**RECORDS PROVIDED**
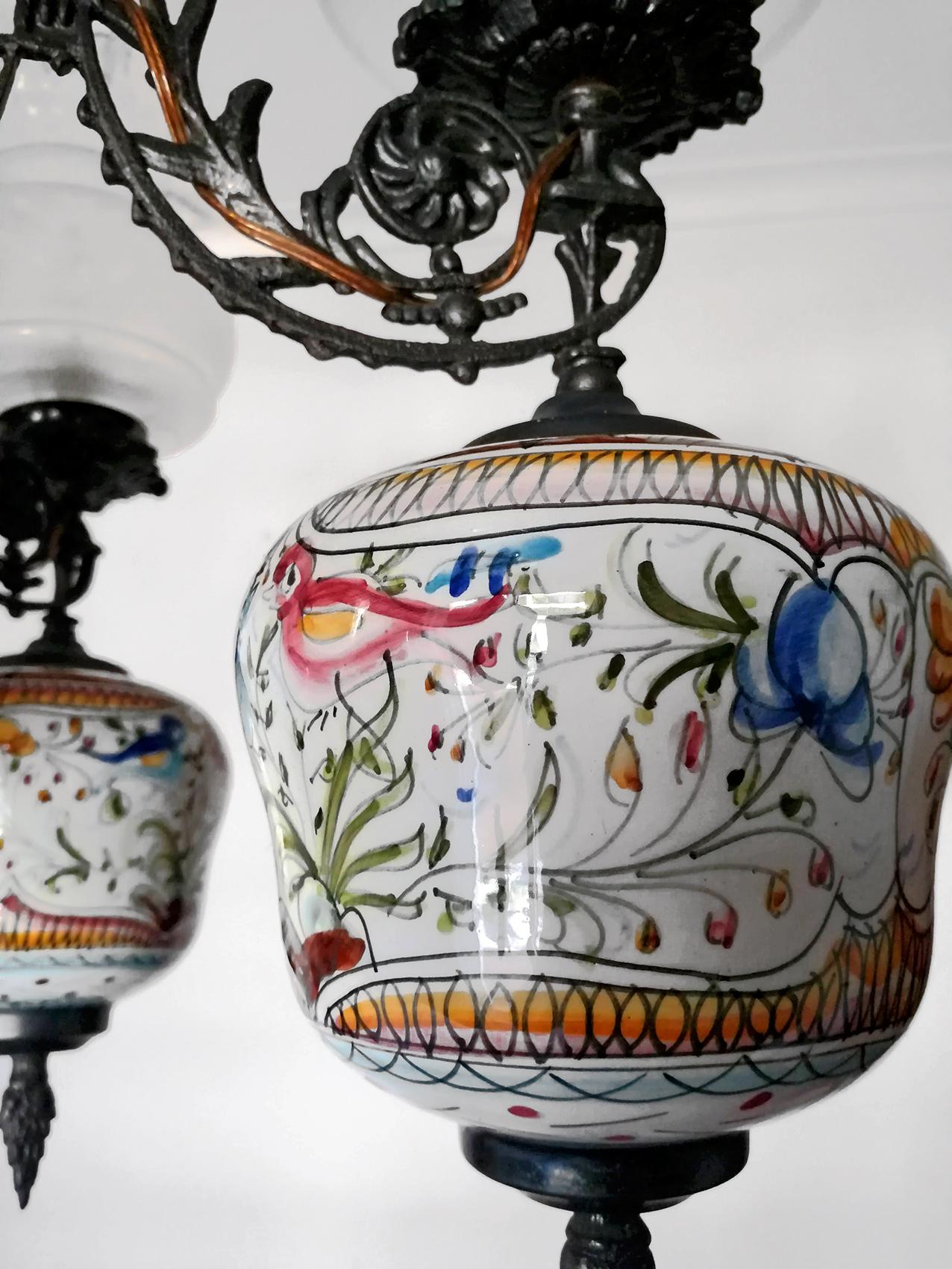 Mid-Century Modern Art Deco Delft Porcelain in Polychrome Colors & Etched Glass Oil Lamp Chandelier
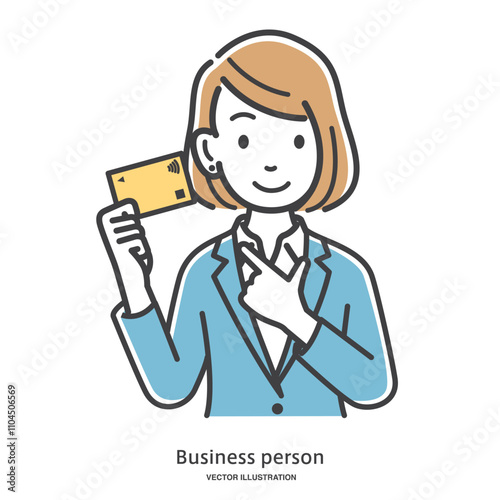 カードの紹介をする女性のイラスト素材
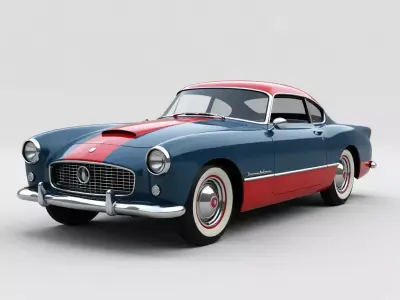 Vintage Two Tone Classic Coupe Low-poly 3D model
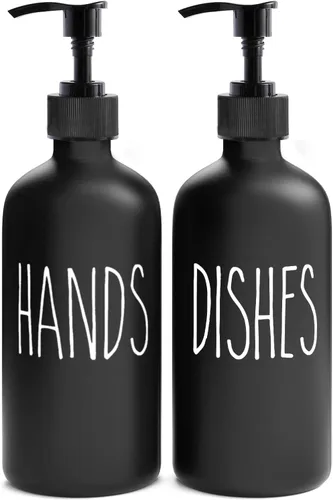 MOMEEMO Juego de 2 dispensadores de jabón, contiene dispensador de jabón para platos y manos, perfecto para decoración de cocina negra (negro)
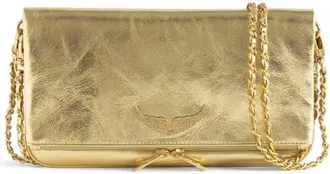Zadig&Voltaire Rock Vintage Metallic Crossbody Bag in Gold at Nordstrom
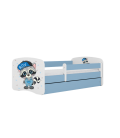 Lit enfant raton laveur bleu avec tiroir avec matelas 80x180cm - 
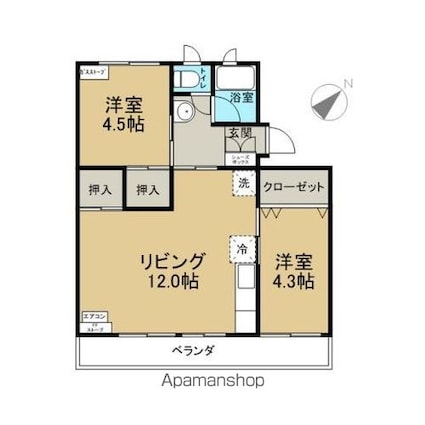 シーサイドハイツ[2LDK/46.35m2]の間取図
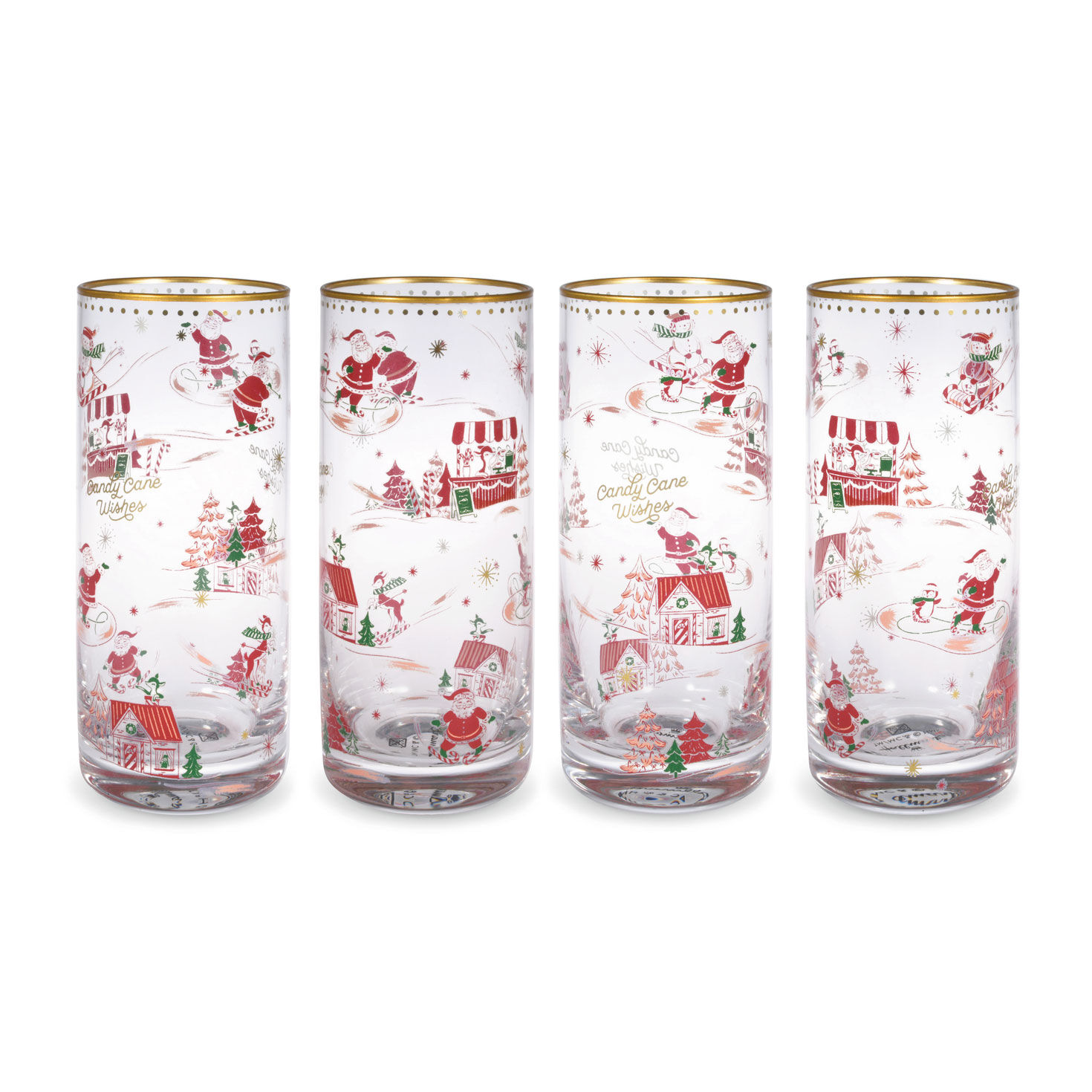 Candy Cane Wishes Drinking Glasses, Set of 4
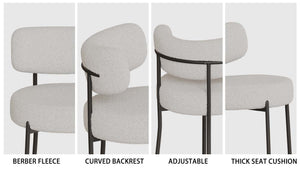 English Elm 63" Modern-Medieval Cream Mdf Dining Table Set With 4 Cushioned Chairs - Stylish & Versatile Design W2189S00707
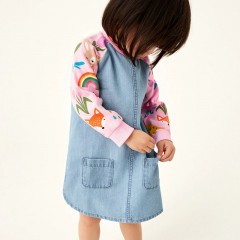 Petite robe maven pour fille jupe en jean imprimé à manches longues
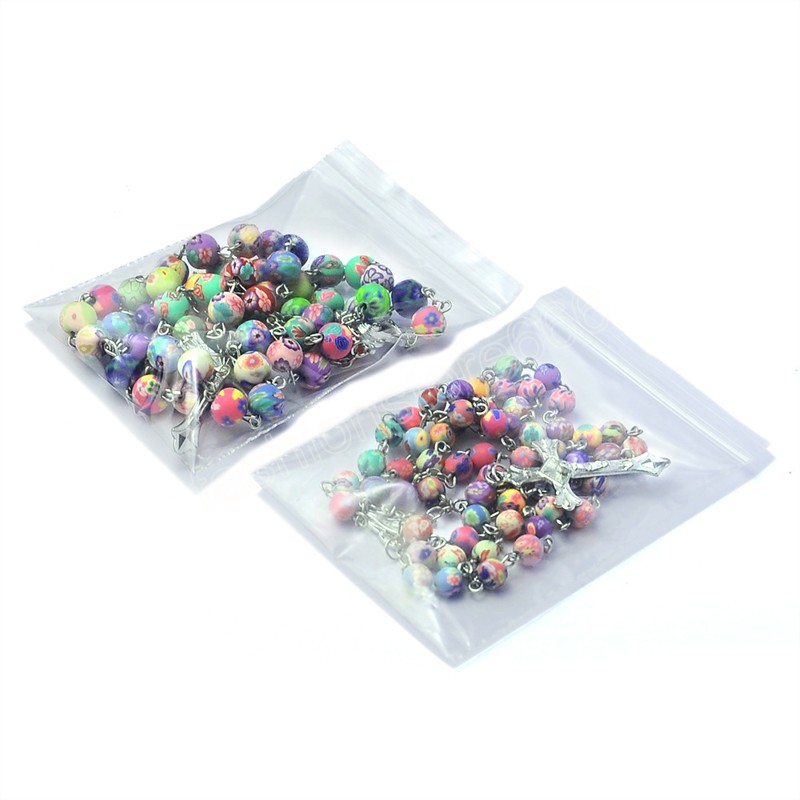 Multicolor Polymer Clay Beads Rosary Cross Necklace For Women Crucifix Pendant Chain Female Religion Jewelry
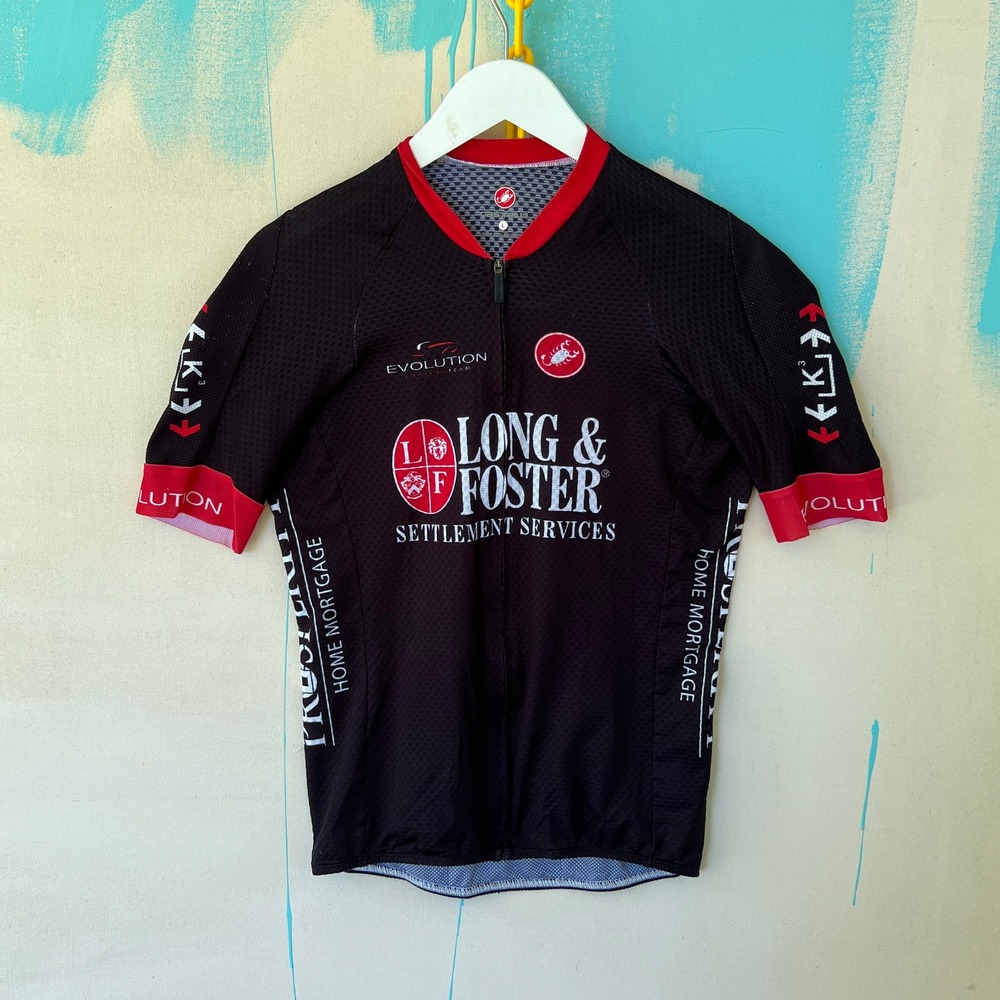 Castelli Evolution Long & Foster Cycling Jersey Size‎ L Black Red Bicycling Zip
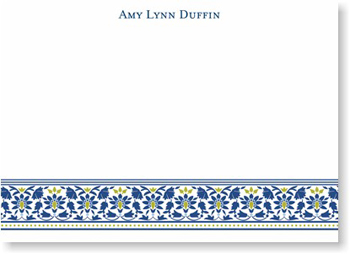 Boatman Geller Stationery - Navy Ornamental Large Flat Card Boatman Geller Stationery - Navy Ornamental Large Flat Card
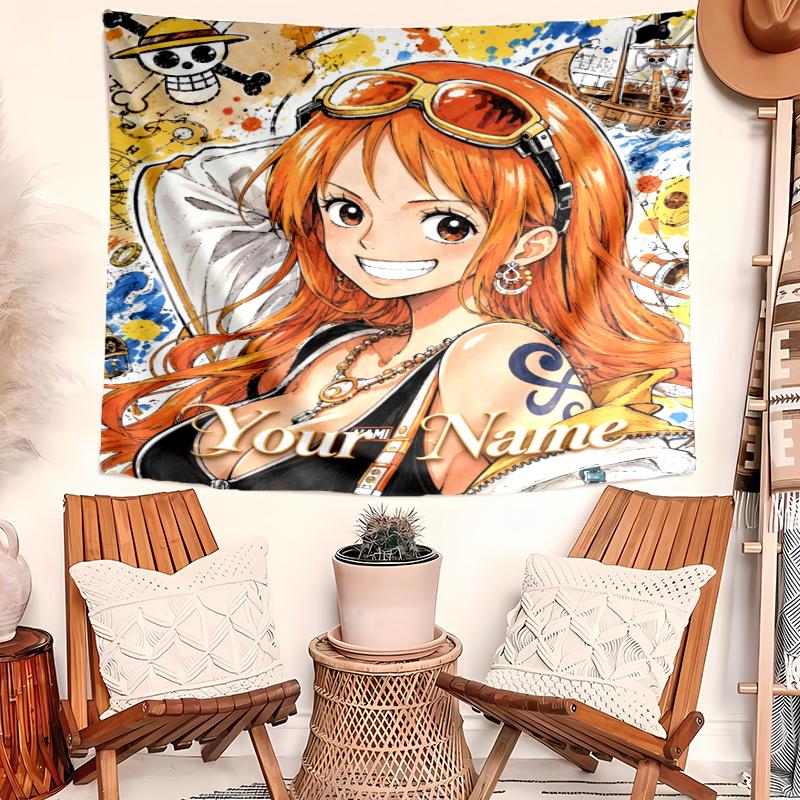 Personalized Name Nami Tapestry, Wall Hanging Tapestry, Pattern Tapestry for Dorm Bedroom Living Room Wall Art Photography Backdrop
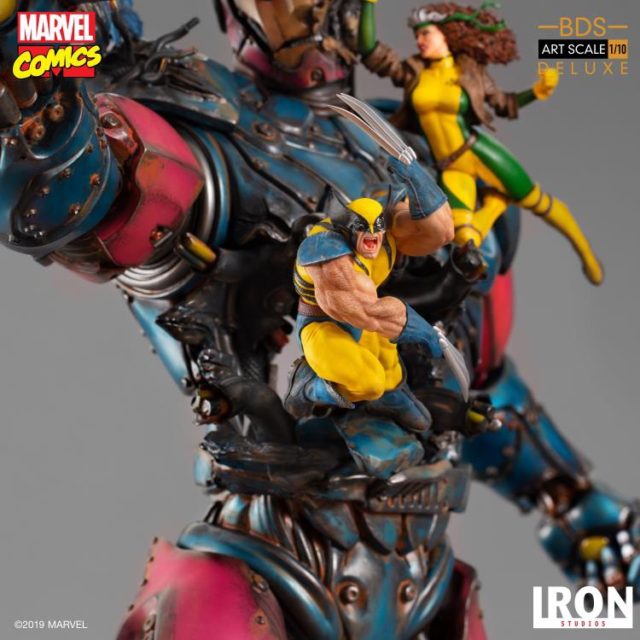 Iron Studios Wolverine Statue Slashing Through Sentinel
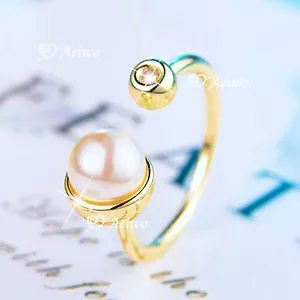 9K GF 9CT YELLOW GOLD MADE WITH SWAROVSKI CRYSTAL PEARL OPEN RING US 6 AU M - Picture 1 of 2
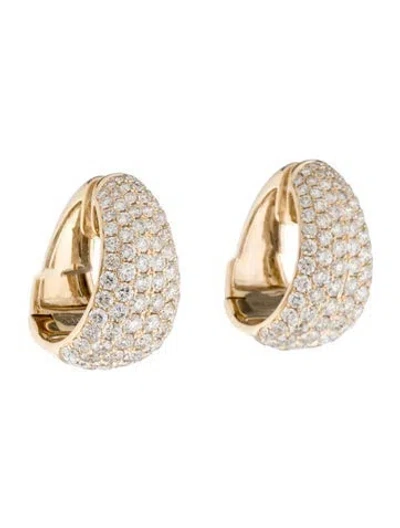 Pre-owned Earrings 14k 3.50ctw Diamond Hoop  In Multi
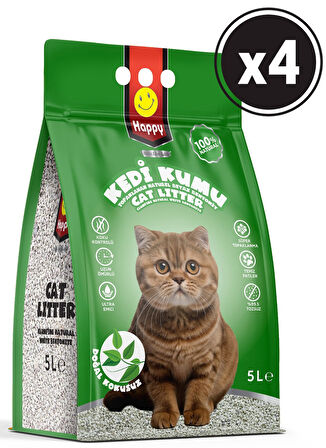 Happy Clean Kedi Kumu Natural 5 lt x 4 Adet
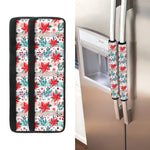 Cute Christmas Poinsettia Pattern Print Refrigerator Handle Covers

**TASK DETAILS**
Exactly the lines above from the one that contains "Lit enfant raton" down to the one that contains "Iron Studios Wolverine" are to be output, both ends kept and pictures omitted.

**REPLY TO THE EXERCISE**
 Lit enfant raton laveur bleu avec tiroir avec matelas 80x180cm - 
 シーサイドハイツ[2LDK/46.35m2]の間取図
 Candy Cane Wishes Drinking Glasses, Set of 4
 English Elm 63" Modern-Medieval Cream Mdf Dining Table Set With 4 Cushioned Chairs - Stylish & Versatile Design W2189S00707
 Petite robe maven pour fille jupe en jean imprimé à manches longues
 Multicolor Polymer Clay Beads Rosary Cross Necklace For Women Crucifix Pendant Chain Female Religion Jewelry
 Castelli Evolution Long & Foster Cycling Jersey Size‎ L Black Red Bicycling Zip
 Boatman Geller Stationery - Navy Ornamental Large Flat Card Boatman Geller Stationery - Navy Ornamental Large Flat Card
 Personalized Name Nami Tapestry, Wall Hanging Tapestry, Pattern Tapestry for Dorm Bedroom Living Room Wall Art Photography Backdrop
 Iron Studios Wolverine Statue Slashing Through Sentinel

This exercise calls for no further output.